Proponents of more protective vehicle safety standards recommend that the minimum SWR be set at 3.5, based on more realistic two-sided crash testing criteria.  For your reference, NHTSA provides some examples of the SWR on some typical cars such as the 2006 VW Jetta (SWR= 5.1), the 2006 Volvo XC90 (SWR = 4.6), the 2007 Chevrolet Tahoe (SWR=2.1) and the 2006 Dodge Ram (SWR=1.7) in its proposal (chart here).

This chart says it loud and clear to me that designing cars with significant better roof crush resistance is absolutely possible, and if these SWR factors were printed on the showroom label, individuals would be able to make more informed car-buying decisions. (Of course, neither NHTSA or the automakers are proposing that kind of right-to-know.)

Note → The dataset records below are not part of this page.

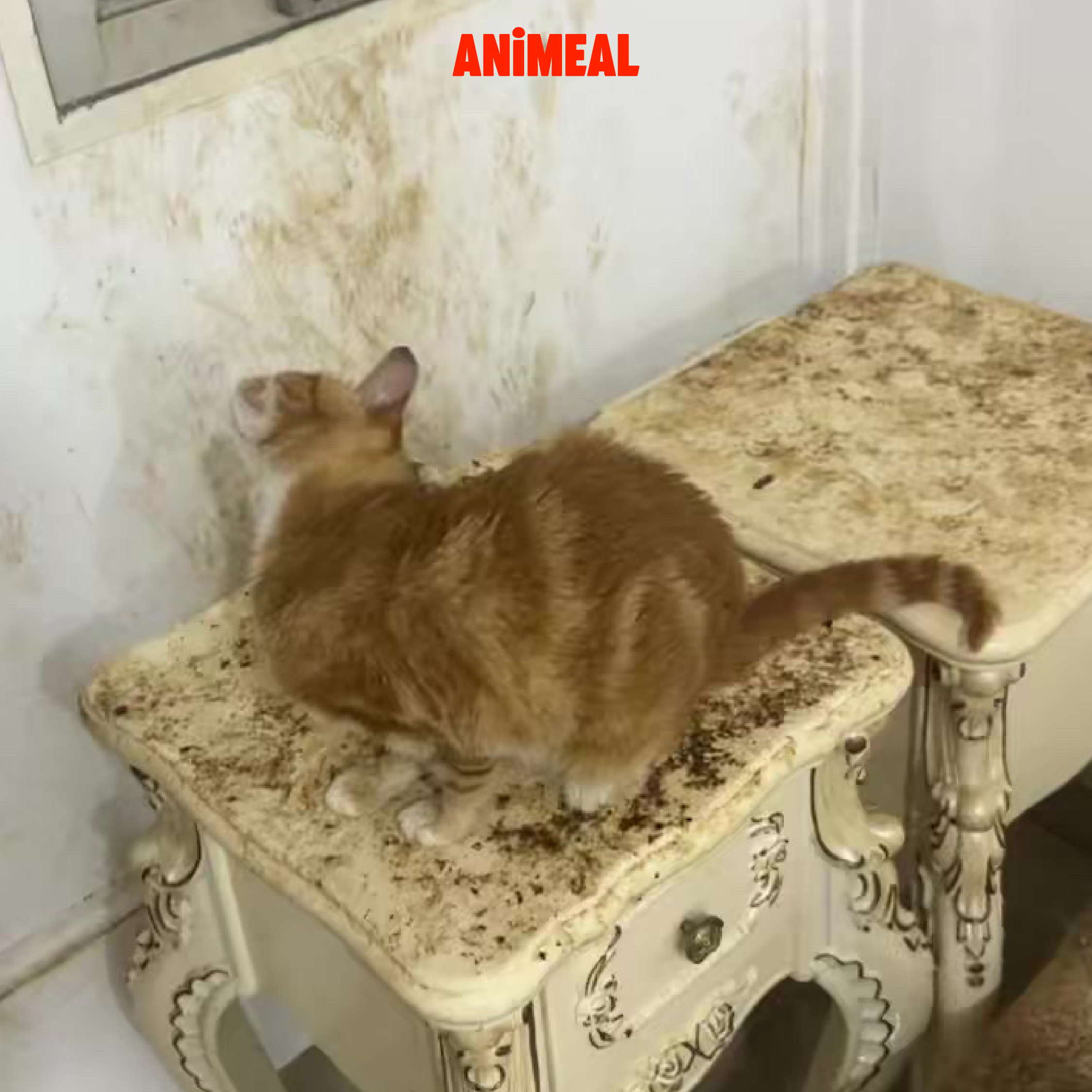 【01阿德托兒所-天水圍28隻棄貓】代捐貓糧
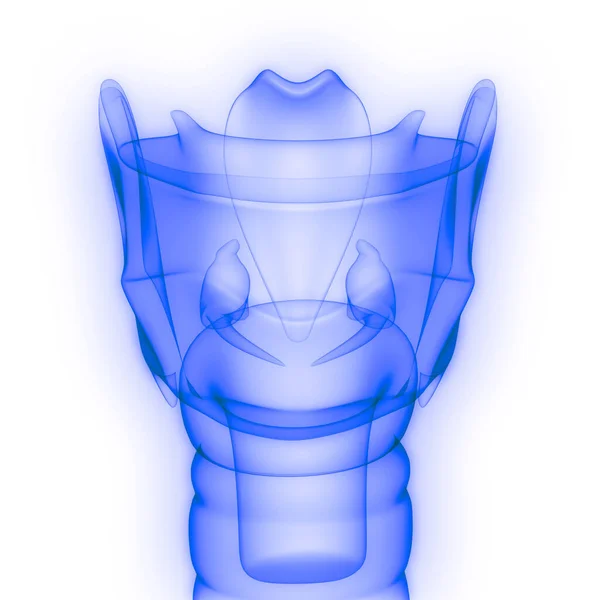 Human Internal Organs Larynx Anatomy X-ray 3D rendering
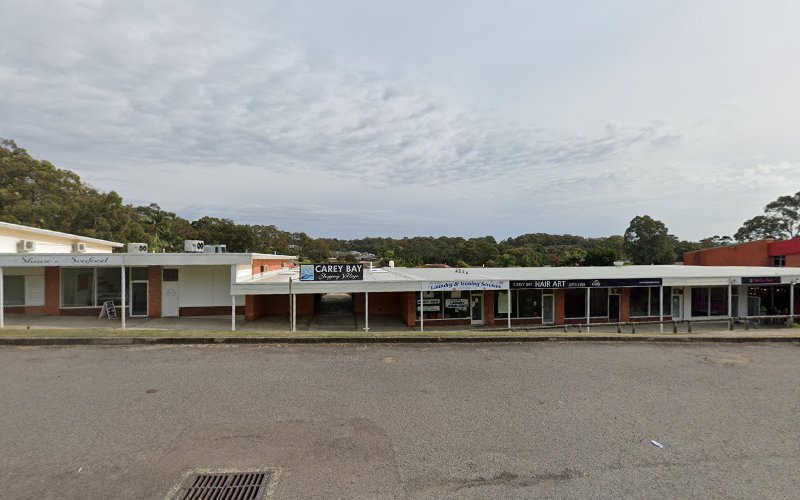 Dry cleaner in Carey Bay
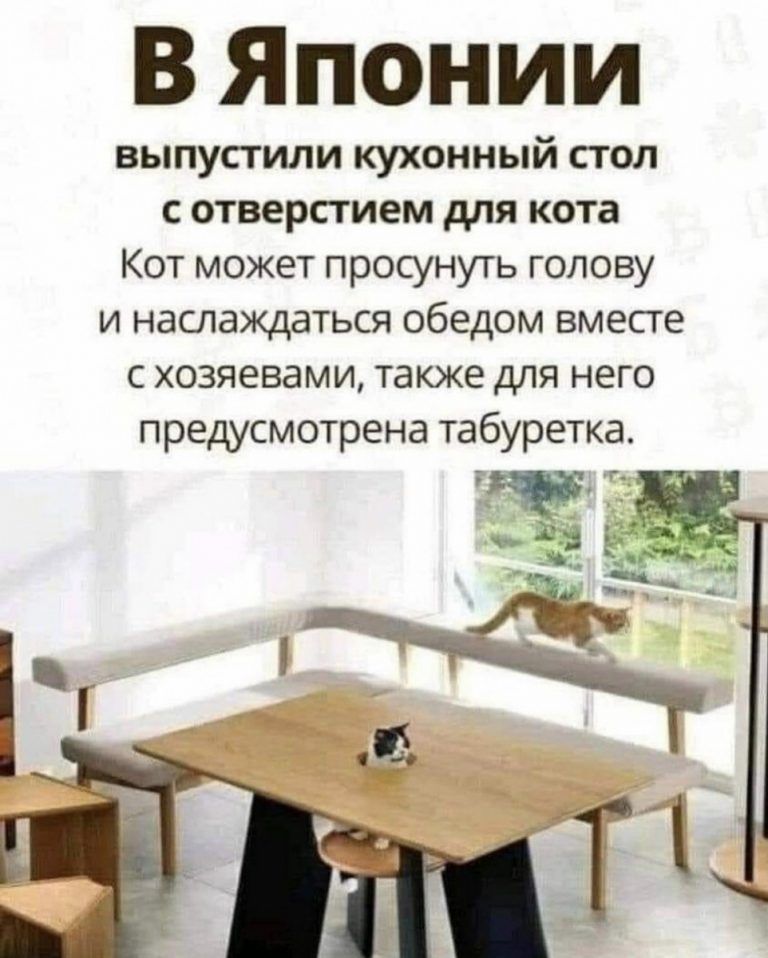 Стол для кота япония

On to the second VERY disturbing part of this proposed rule on Roof Crush Resistance:

An exemption from civil liability for automakers.

The preamble to the proposed rule includes the following statement:

“if the proposal were adopted as a final rule, it would preempt all conflicting State common law requirements, including rules of tort law.” (excerpt here)

Get this: NHTSA is proposing an inadequate standard and if the car companies comply with it, and then someone is injured or killed because of the dangerous design, the victim or her family is not able to seek compensation in the courts?  What kind of %#&! is that???  

That’s exactly what NHTSA is proposing and the July 1, 2008 deadline for issuing a final rule is quickly approaching.

The Senate Committee on Commerce, Science and Transportation, Subcommittee on Consumer Affairs, Insurance and Automotive Safety will be holding a hearing on June 4 to examine NHTSA’s rulemaking and the science behind roof strength and occupant injury.  Witnesses at the hearing will include Mr. David Garcia, a C4-C5 complete quadriplegic because of a rollover injury he suffered while driving a Ford Escort 2-door hatchback.

To learn more about this vitally important issue, click here, read their petition which calls for stopping NHTSA’s anti-consumer/anti-public health rulemaking, and sign it, or send a letter to your Senator.  (Members of the Subcommittee are listed here.)

*Note: The “Safe, Accountable, Flexible, Efficient Transportation Equity Act: A Legacy for Users Act” ( SAFETEA-LU ) of 2005 (P.L. 109-59) contains the provision requiring NHTSA to issue a proposed rule on roof strength for driver and passenger sides by Dec. 31, 2005, and a final rule by July 1, 2008.